### Data records
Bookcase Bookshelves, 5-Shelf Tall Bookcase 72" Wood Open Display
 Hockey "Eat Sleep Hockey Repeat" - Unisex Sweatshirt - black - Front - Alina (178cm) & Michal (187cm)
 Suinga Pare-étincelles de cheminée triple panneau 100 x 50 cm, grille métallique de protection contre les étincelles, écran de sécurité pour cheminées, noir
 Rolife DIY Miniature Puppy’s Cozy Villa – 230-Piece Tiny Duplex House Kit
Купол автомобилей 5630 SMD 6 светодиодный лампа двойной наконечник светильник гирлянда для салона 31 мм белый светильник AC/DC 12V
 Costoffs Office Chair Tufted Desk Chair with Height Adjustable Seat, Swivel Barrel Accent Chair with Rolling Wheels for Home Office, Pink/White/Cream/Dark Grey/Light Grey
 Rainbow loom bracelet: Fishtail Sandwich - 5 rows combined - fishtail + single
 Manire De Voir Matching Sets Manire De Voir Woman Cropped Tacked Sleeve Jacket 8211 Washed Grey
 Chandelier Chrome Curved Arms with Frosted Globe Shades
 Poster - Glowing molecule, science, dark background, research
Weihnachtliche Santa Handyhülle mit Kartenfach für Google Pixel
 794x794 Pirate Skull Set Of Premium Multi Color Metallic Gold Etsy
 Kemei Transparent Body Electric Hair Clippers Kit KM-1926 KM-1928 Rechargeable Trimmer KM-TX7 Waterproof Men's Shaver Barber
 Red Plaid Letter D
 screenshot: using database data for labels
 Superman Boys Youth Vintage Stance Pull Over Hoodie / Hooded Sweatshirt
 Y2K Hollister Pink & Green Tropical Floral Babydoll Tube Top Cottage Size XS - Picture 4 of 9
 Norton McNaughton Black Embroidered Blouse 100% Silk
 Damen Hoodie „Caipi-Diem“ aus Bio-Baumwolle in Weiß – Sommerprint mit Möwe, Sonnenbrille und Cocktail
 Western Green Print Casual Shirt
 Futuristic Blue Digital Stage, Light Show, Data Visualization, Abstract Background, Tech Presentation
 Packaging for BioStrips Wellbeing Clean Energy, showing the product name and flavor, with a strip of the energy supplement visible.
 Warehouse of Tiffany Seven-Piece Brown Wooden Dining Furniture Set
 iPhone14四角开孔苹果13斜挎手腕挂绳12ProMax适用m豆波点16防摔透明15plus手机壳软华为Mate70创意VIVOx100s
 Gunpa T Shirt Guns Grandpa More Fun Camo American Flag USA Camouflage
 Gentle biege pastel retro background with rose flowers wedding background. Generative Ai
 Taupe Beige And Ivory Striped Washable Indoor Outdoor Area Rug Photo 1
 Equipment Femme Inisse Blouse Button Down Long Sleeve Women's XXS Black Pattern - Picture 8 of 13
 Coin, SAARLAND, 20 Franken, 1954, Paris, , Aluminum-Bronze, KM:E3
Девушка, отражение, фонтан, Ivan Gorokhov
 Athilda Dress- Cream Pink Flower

### What is being asked
Reproduce precisely, and with no line left out, each line from the top of the entries through the line that carries "Rolife DIY Miniature".

### Answer
Bookcase Bookshelves, 5-Shelf Tall Bookcase 72" Wood Open Display
 Hockey "Eat Sleep Hockey Repeat" - Unisex Sweatshirt - black - Front - Alina (178cm) & Michal (187cm)
 Suinga Pare-étincelles de cheminée triple panneau 100 x 50 cm, grille métallique de protection contre les étincelles, écran de sécurité pour cheminées, noir
 Rolife DIY Miniature Puppy’s Cozy Villa – 230-Piece Tiny Duplex House Kit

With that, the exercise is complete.